> [TASK STATEMENT] Pictures aside, reproduce exactly each line from the one holding "24 Horas de" through the last line of the material, both ends included.

> [GIVEN INFORMATION]
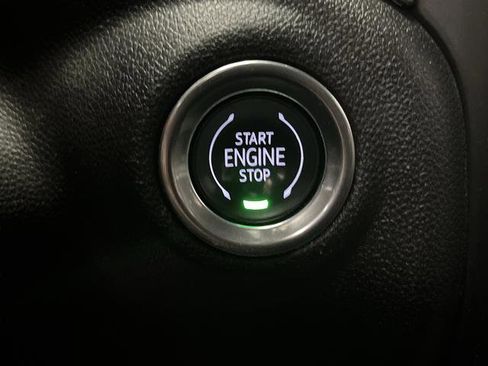 Used 2019 Chevrolet Silverado 1500 LT w/ All-Star Edition image 21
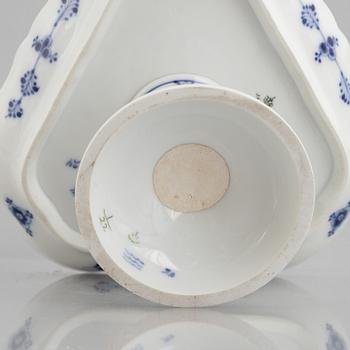 A 'Blue Fluted' porcelain centerpiece bowl, Royal Copenhagen, model 22 / 28, 1893-1900.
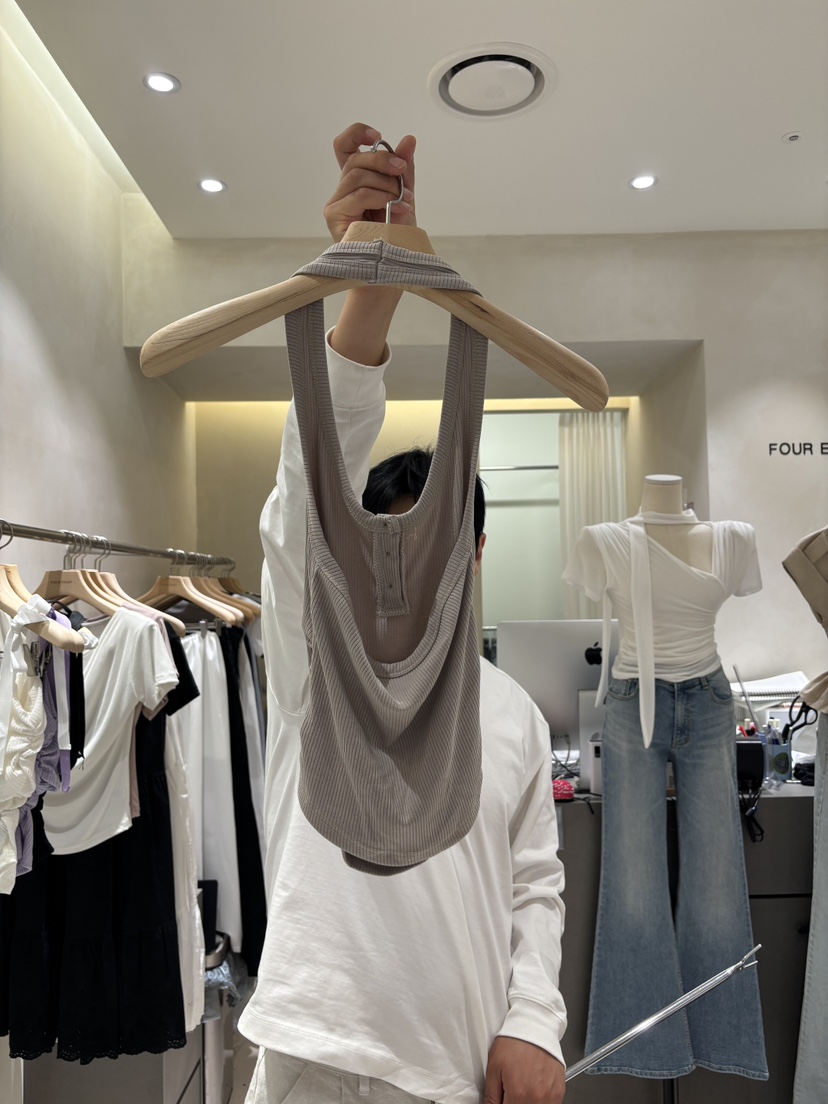 FOUREIGHT韓國直郵女裝新品人氣熱賣時尚職業26夏季吊帶背心FOUR EIGHT吊帶/背心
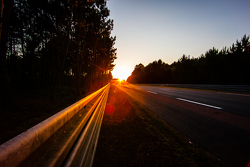 24 Horas de Le Mans pista ambiente al atardecer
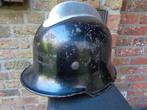 WO 2 brandweer helm , decals verwijderd, Verzamelen, Ophalen of Verzenden, Overige soorten, Helm of Baret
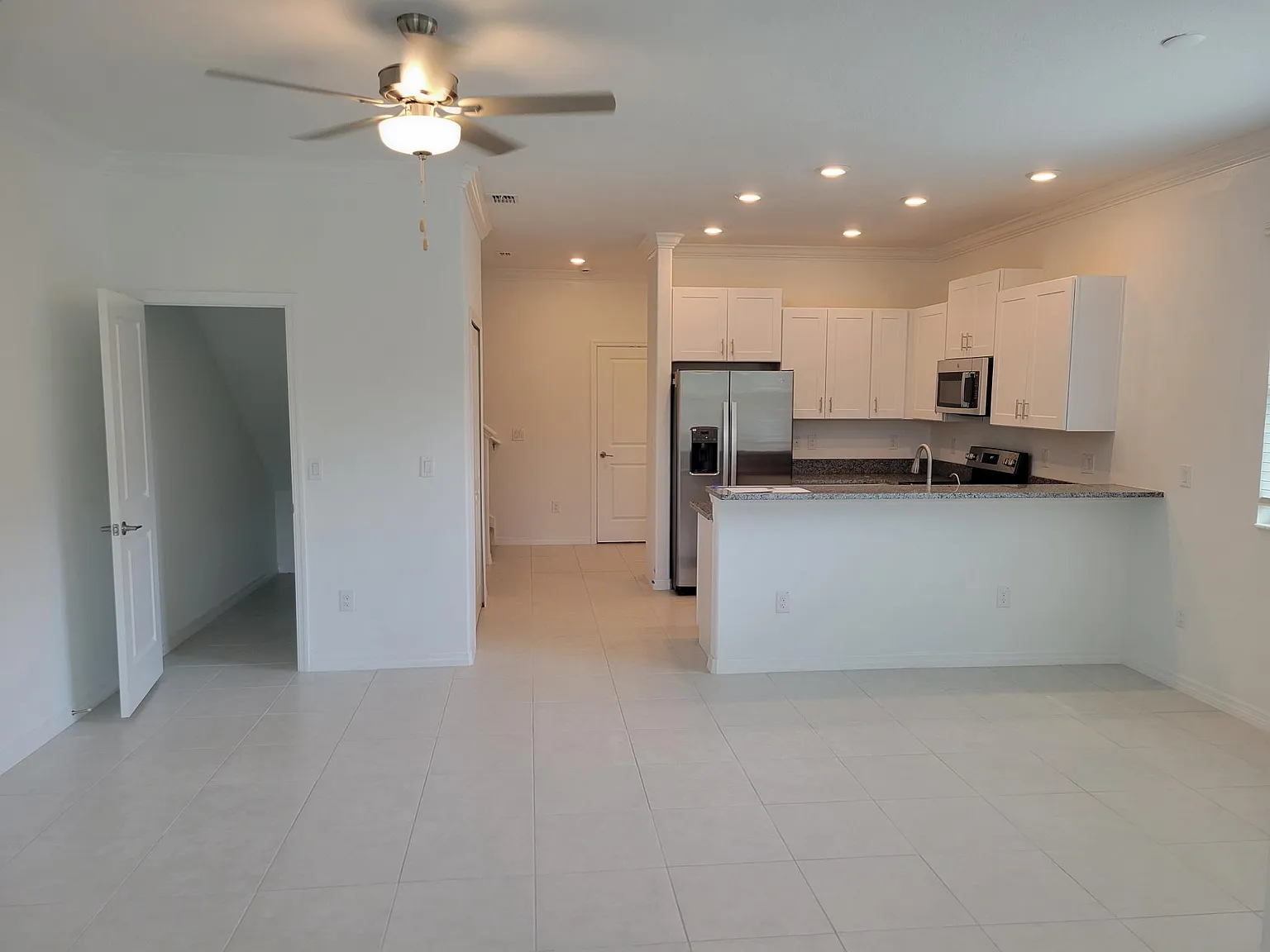 3 bed, 2.5 bath, 1787 sqft, $2,200 — Photo 4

> [RESULT FOR THIS TASK]
 24 Horas de Le Mans pista ambiente al atardecer
 WO 2 brandweer helm , decals verwijderd, Verzamelen, Ophalen of Verzenden, Overige soorten, Helm of Baret
 3 bed, 2.5 bath, 1787 sqft, $2,200 — Photo 4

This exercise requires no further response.